What needs to be done
Beginning with the line of the entries below that holds "Doubletree By Hilton Lyon Eurexpo & 4*" and ending with the line that holds "Vase d'or, fleurs et fruits, image 1/2", transcribe each line exactly as written. Pictures stay out.

Records shown
+-------+

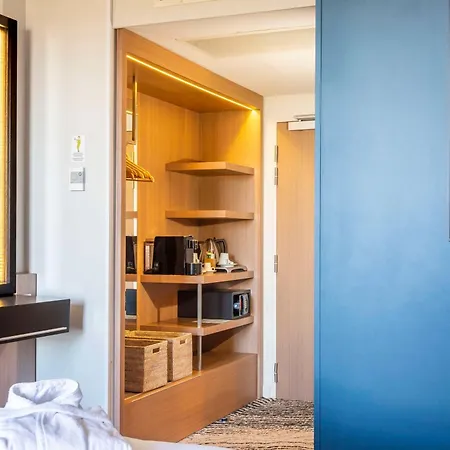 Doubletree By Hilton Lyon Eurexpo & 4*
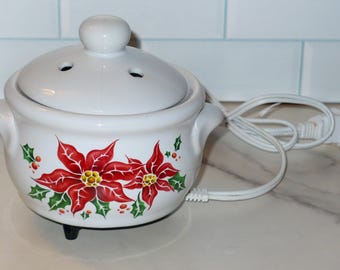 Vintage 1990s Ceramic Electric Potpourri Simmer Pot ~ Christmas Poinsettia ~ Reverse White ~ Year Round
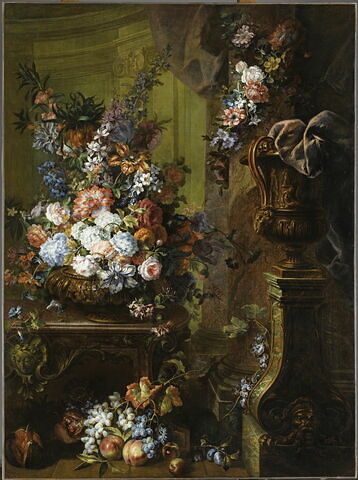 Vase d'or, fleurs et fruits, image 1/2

+-------+

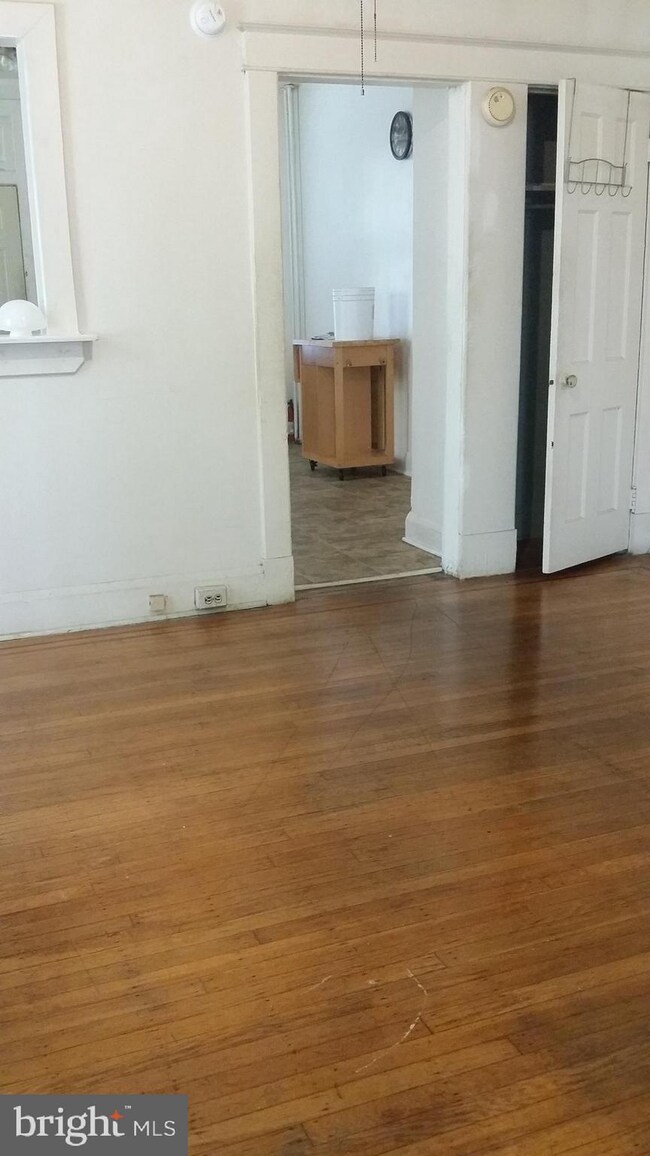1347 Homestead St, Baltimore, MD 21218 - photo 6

+-------+

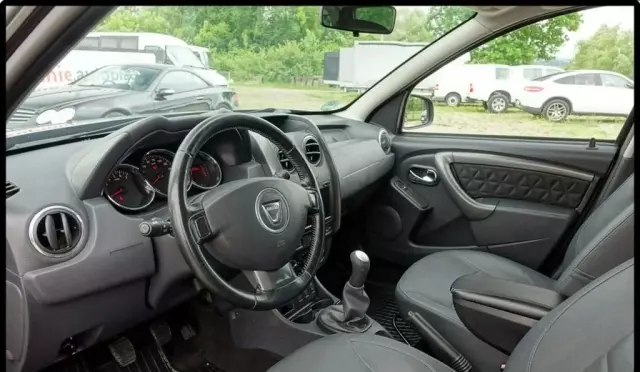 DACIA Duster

+-------+

Answer space
 Doubletree By Hilton Lyon Eurexpo & 4*
 Vintage 1990s Ceramic Electric Potpourri Simmer Pot ~ Christmas Poinsettia ~ Reverse White ~ Year Round
 Vase d'or, fleurs et fruits, image 1/2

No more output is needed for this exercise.